For more information on GMOs, and especially on public policy and consumer advocacy surrounding the subject, check out Food Democracy Now on Facebook. If you want to avoid GMOs at the grocery store, download the Center for Food Safety’s True Food Network app for iPhone and Android, or ShopNoGMO for iPhone.

“If you can get food from a moral local, smaller source [like a farmstand or farmer’s market] that’s great, then you’re probably avoiding GMOs,” Ofrane said. “But just because something is labeled GMO doesn’t mean it’s bad for you.”

This brings us to the benefits of buying local.

Buying Local

Most environmental safety and human health advocates agree that industrial farming is the source of many of the problems and dangers in the food we eat. If we could all eat meat, produce and dairy locally produced from small farms not owned by large corporations, it would be easier to know what we’re eating. Unfortunately, that isn’t possible for most people.

Sometimes it’s due to economics: it’s more expensive to farm with fewer chemicals and with more care for animals, or industrial farms would do it too. Another major problem is geography and “The Grocery Gap.” This has to do with studies finding that 20% of rural counties in the United States live 10 miles or more from a grocery store. These residents also have less access to transportation, leaving them in a “food desert” where their only retail food shopping option is a convenience store, not known for healthy whole foods. Also, “low-income zip codes have 25 percent fewer chain supermarkets and 1.3 times as many convenience stores as middle-income zip codes,” according to PolicyLink

Lucky for those of us in urban and suburban areas who are in middle to upper income brackets, shopping local can be a great option for buying healthier foods. Local Harvest is an easy resource for finding farm markets and community supported agriculture (CSA) programs in your area.

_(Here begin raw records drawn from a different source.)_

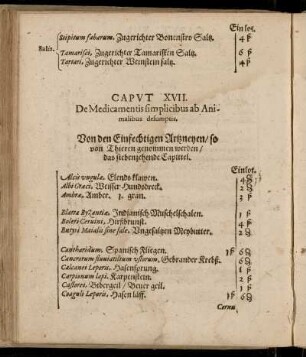 XVII. De Medicamentis simplicibus ab Animalibus desumptis. Von den Einfechtigen Arzneyen, so von Thieren genommen werden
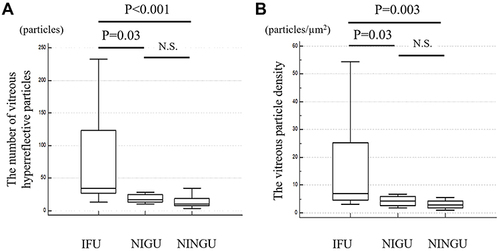 Figure 3 The number of vitreous particles as hyperreflective particles and vitreous particle density among three types of uveitis. (A) Patients with infectious uveitis had significantly greater number of vitreous particles than the other two types of uveitis. (B) Infectious uveitis had a significantly higher vitreous particle density than the other two types of uveitis.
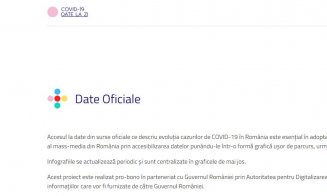 Datelazi.ro, o nouă platformă cu informații oficiale despre efectele coronavirusului în România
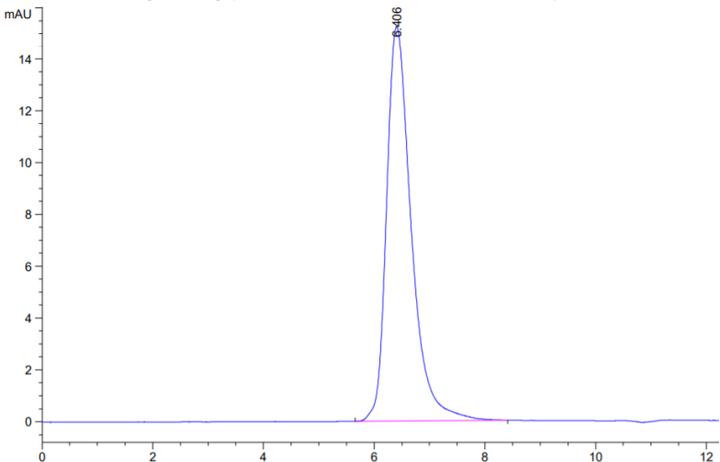 Human ITGB6 Protein (ITG-HM1B6)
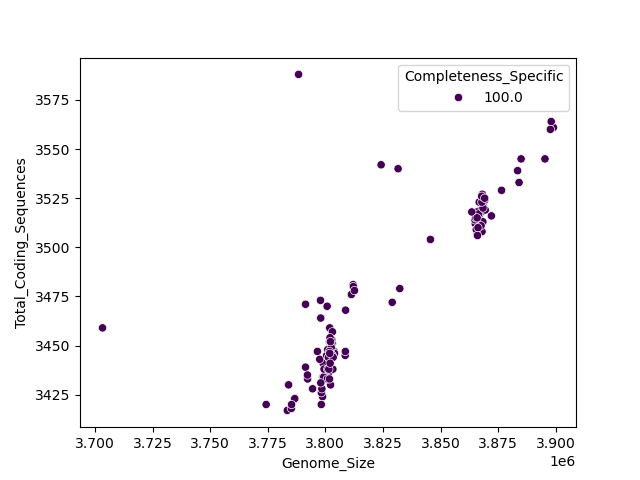 CDS vs Genome Size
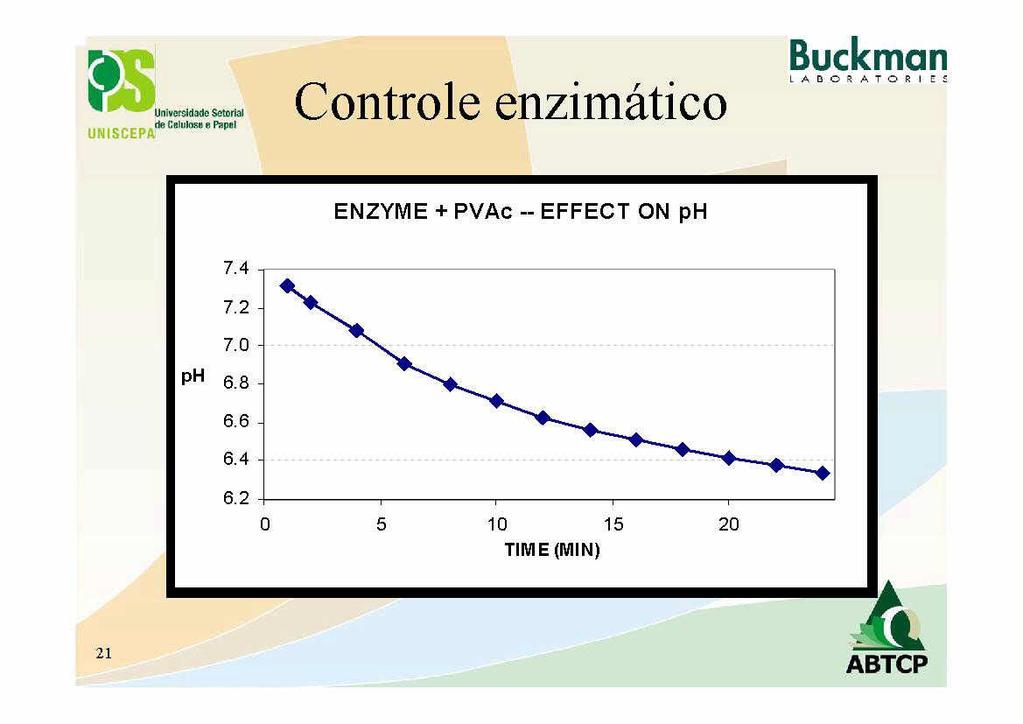 C ontrole enzimatico ENZYME PVAc EFFECT ON ph 74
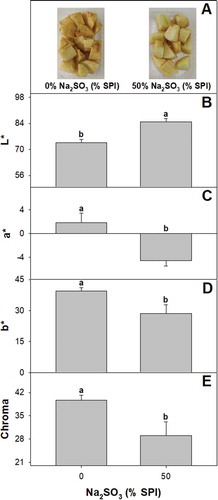 Figure 5. (a) Appearance, (b) lightness, (c) b*, (d) a* and (e) chroma of fresh cut apples, control or treated with soy protein SO2 releasers stored for 7 days at 5°C. Different letters indicate significant differences based on a Tukey test at a level of significance of P < 0.05.Figura 5. (a) Apariencia, (b) ligereza (c) b*, (d) a*, y (e) croma de manzanas recién cortadas, controladas o tratadas con liberadores SO2 de proteína de soya, almacenadas durante 7 días a 5°C. Las distintas letras indican la presencia de diferencias significativas con base en una prueba de Tukey a un nivel de significancia de P < 0.05.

“I like to shop local because you’re supporting smaller farms, and we need more of those to last, or else everything is going to be an industrial farm,” Ofrane said. “Getting an organic label on your farm [can be too expensive and complicated] for a small farm.” She says typically, produce you’re getting at a farmer’s market or a farm stand is not from an industrial farm, and you can always ask since you’re buying directly from the grower. Grocery stores also label where many foods come from, and especially if you make an effort to eat in-season produce, you can buy more produce grown in your area if you just pay attention to labels.

The simplest advice Ofrane can give is, “Just look for food that looks like real food.”